French actress (born 1989)

Adèle Haenel (/fr/; born 11 February 1989) is a French actress and political activist. She is the recipient of several accolades, including two César Awards from seven nominations and one Lumière Award from two nominations.

Haenel began her career as a child actress, making her film debut with Les Diables (2002) at the age of 12, and quickly rose to prominence in the French entertainment industry as a teenager. She received her first César Award nomination for her performance in Water Lilies (2007), which also marked the beginning of her long professional and personal relationship with director Céline Sciamma. In 2014, Haenel received her first César Award for Best Supporting Actress for her supporting role in Suzanne, and in 2015 won the César Award for Best Actress for Love at First Fight. She continued to garner recognition for her performances in BPM (Beats per Minute) (2017), The Trouble with You (2018), and Portrait of a Lady on Fire (2019). In 2023, she retired from the film industry in protest against its sexism and patriarchy. She has since focused on stage work and political activism.

== Early life ==
Haenel was born on 11 February 1989 in Paris. Her mother is a teacher and her father a translator. She grew up in Montreuil, Seine-Saint-Denis, in what she has called "a very left-wing, artistic neighborhood". She has Austrian heritage through her father and speaks fluent German. Haenel started acting at age 5 and was involved in local theatre. As a child, she mimicked cartoon characters, particularly those of Tex Avery.

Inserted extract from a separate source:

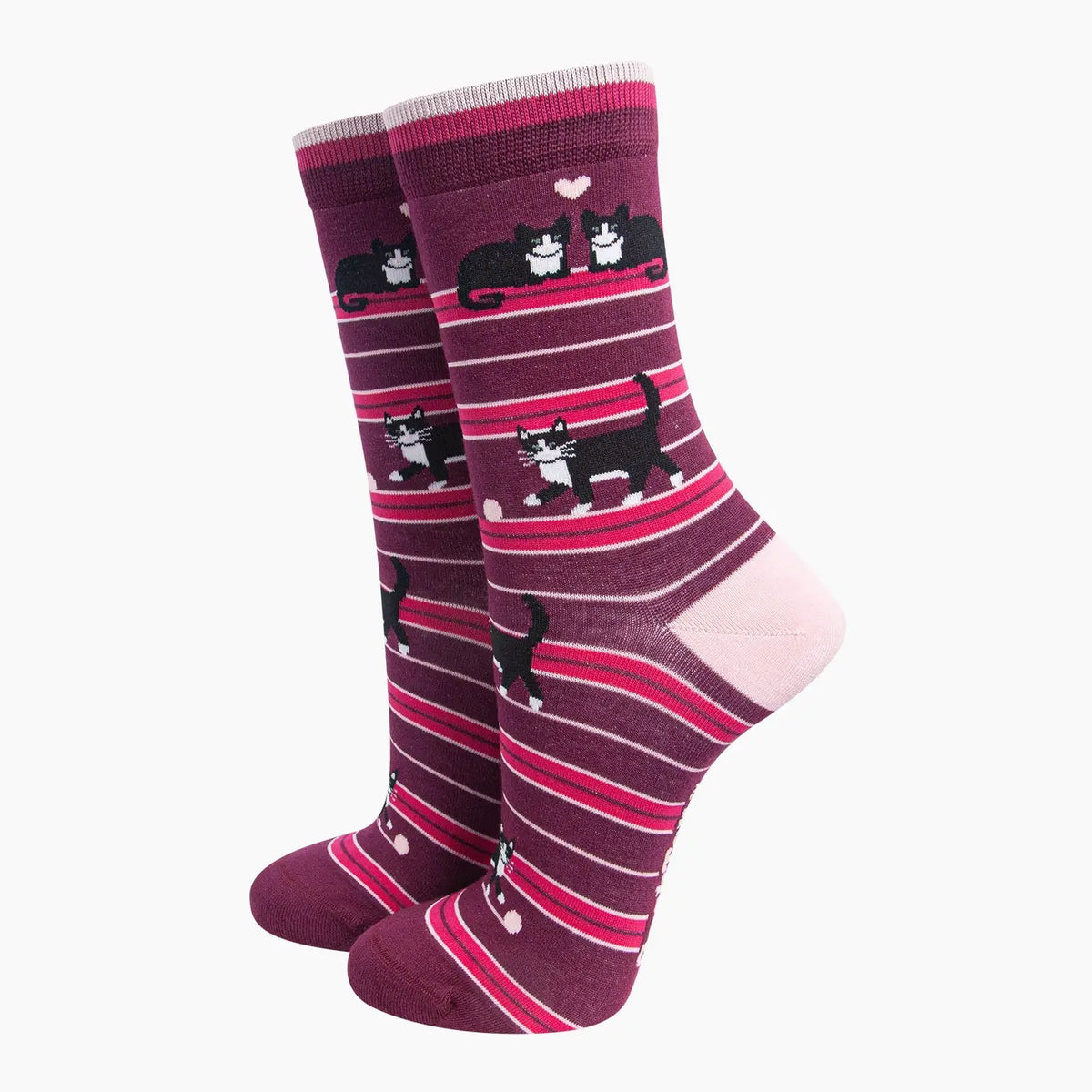 Cat Stripe Women's Bamboo Socks in Burgundy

Haenel studied economics and social sciences at the Lycée Montaigne. She had planned to attend HEC Paris and took a preparatory course, but failed the entrance exam. Haenel continued her studies in economics and sociology, eventually receiving a master's degree. She also pursued studies in physics and marine biology.

== Career ==
Haenel made her film debut in 2002 at age 12, playing an autistic girl in Christophe Ruggia's film Les Diables. She had been chosen for the lead role after accompanying her brother to the audition. After Les Diables, Haenel took a five-year break from acting. In 2007, casting director Christel Baras, who had cast her in her film debut, persuaded her to resume her film career, taking the part of a synchronised swimmer in Céline Sciamma's debut feature, Water Lilies. Manohla Dargis of The New York Times highlighted Haenel's performance in an otherwise mixed review of the film, writing that she had "the makings of a real star". For her role in the film, Haenel was nominated for the César Award for Most Promising Actress in 2008. In 2012, she was nominated in the same category for House of Tolerance (2011), a period film directed by Bertrand Bonello, in which she played a prostitute at an upscale Parisian brothel at the turn of the 20th century. She also received the Lumière Award for Most Promising Actress along with her co-stars Céline Sallette and Alice Barnole.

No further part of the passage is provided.